The agency was also worried that the eleventh-hour budget deal reached last weekend fell short of S&P's expectations, he said. S&P was seeking $4 trillion in budget cuts over the next decade. But Congress passed a plan on Tuesday that slashes up to $2.4 trillion in cuts over that time.
"If you get to the $4 trillion figure -- which had been mentioned by the Bowles-Simpson commission, which had been mentioned by the president in his April 13 speech, which had been mentioned by Paul Ryan in his alternative budget -- that, if you have decent growth behind it,would have done the trick," Chambers said.
Some Democratic lawmakers reacted to the downgrade by attacking S&P's credibility.
"I find it interesting to see S&P so vigilant now in downgrading the U.S. credit rating," said Sen. Bernie Sander, a Vermont independent who votes with Democrats.
"Where were they four years ago when they, and other credit rating agencies, helped cause this horrendous recession by providing AAA ratings to worthless subprime mortgage securities on behalf of Wall Street investment firms?" he said. "Where were they last December when Congress and the White House drove up the national debt by $700 billion by extending Bush's tax breaks for the rich?"
Massachusetts Rep.
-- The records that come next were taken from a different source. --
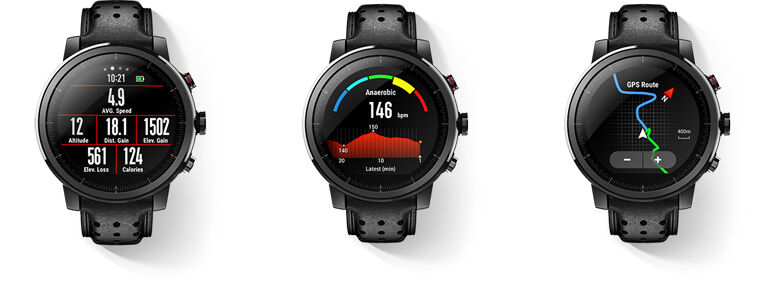 xiaomi stratos kaina
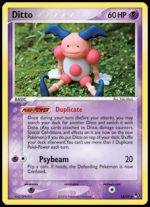 12/17 Ditto Mr Mime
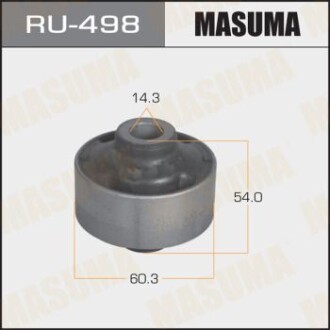 Сайлентблок masuma ru498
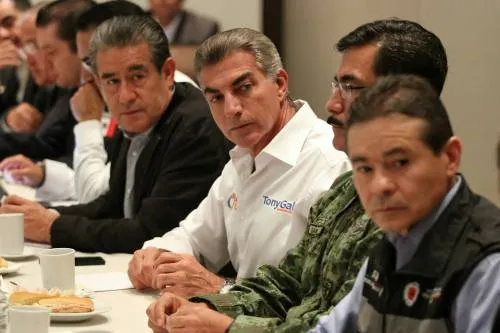 Video: Puebla se prepara para cualquier eventualidad que llegue a generar “Franklin”: Segob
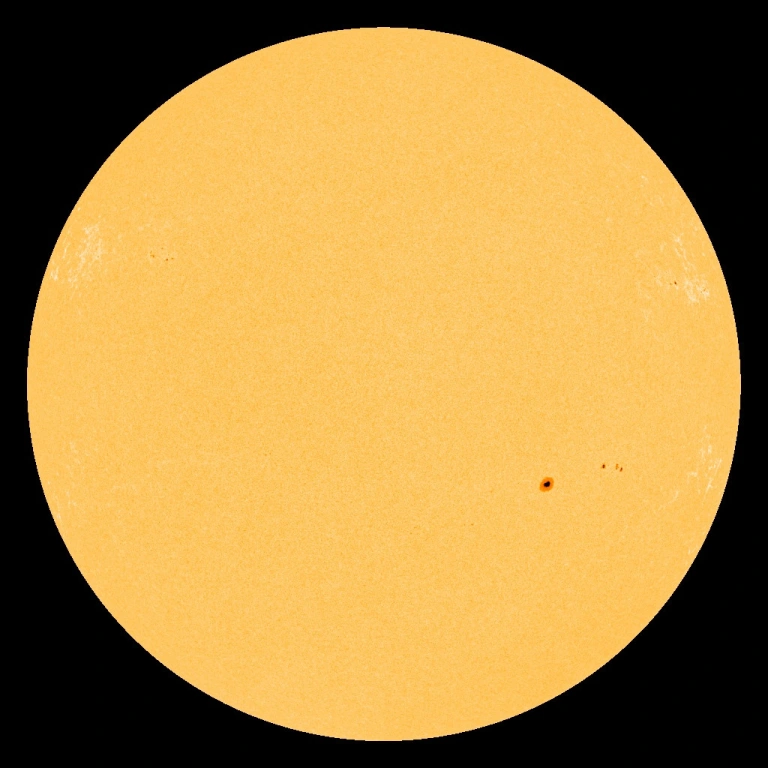 Sunspots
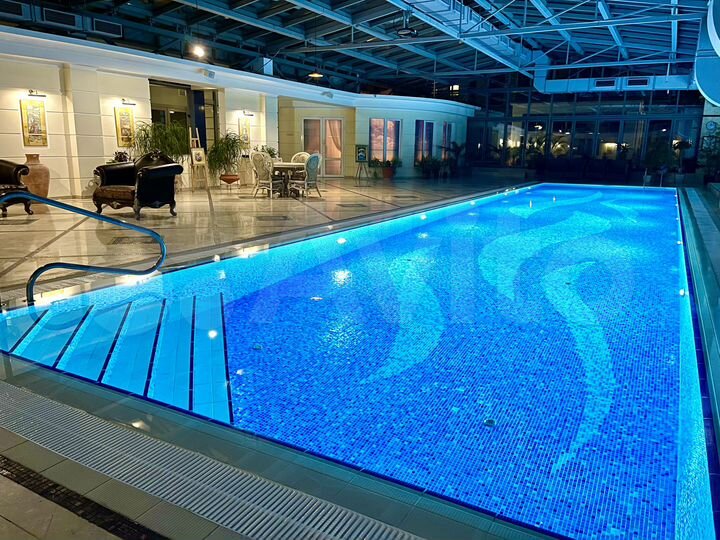 1-к. апартаменты, 85 м², 1/5 эт.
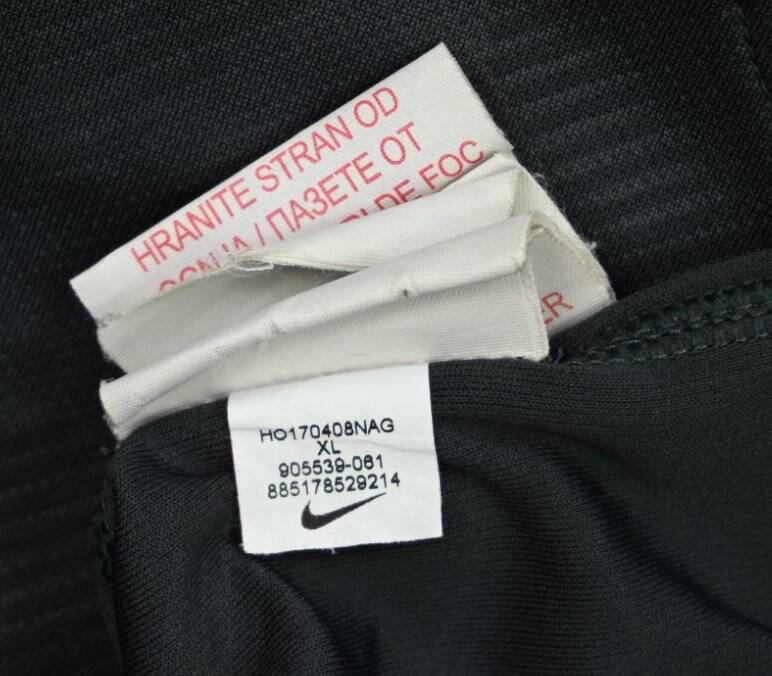 2017-18 CHELSEA LONDON SHIRT XL. BOYS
Barney Frank, the top Democrat on the House Financial Services Committee, said that the rating agencies have a horrible record and people should pay no attention to them.
But Chambers said the agency's record speaks for itself.
"Standard & Poor's, if you count its predecessor companies, has been ratings bonds since the 1920s. We have a long track record of over 100 years," he said, adding that none of the sovereign bonds that have received one of the top ratings in the U.S. since 1975 have defaulted.
S&P is the only one of the world's three major credit rating agencies to downgrade U.S. debt. But Moody's and Fitch have issued warnings of possible downgrades.
The White House said Saturday that President Obama in the coming weeks will "strongly encourage" members of Congress to "put our common commitment to a stronger recovery and a sounder long-term fiscal path above our political and ideological differences."
Chambers warned that the agency could downgrade U.S. debt a notch lower in the next six to 24 months if Congress doesn't cut another $1.6 trillion over 10 years to reach the $4 trillion figure.
The probability of another downgrade is 3-1 odds, he said.
Asked whether the U.S. can regain its triple-A rating, Chambers said the five governments that did achieved it in nine to 18 years.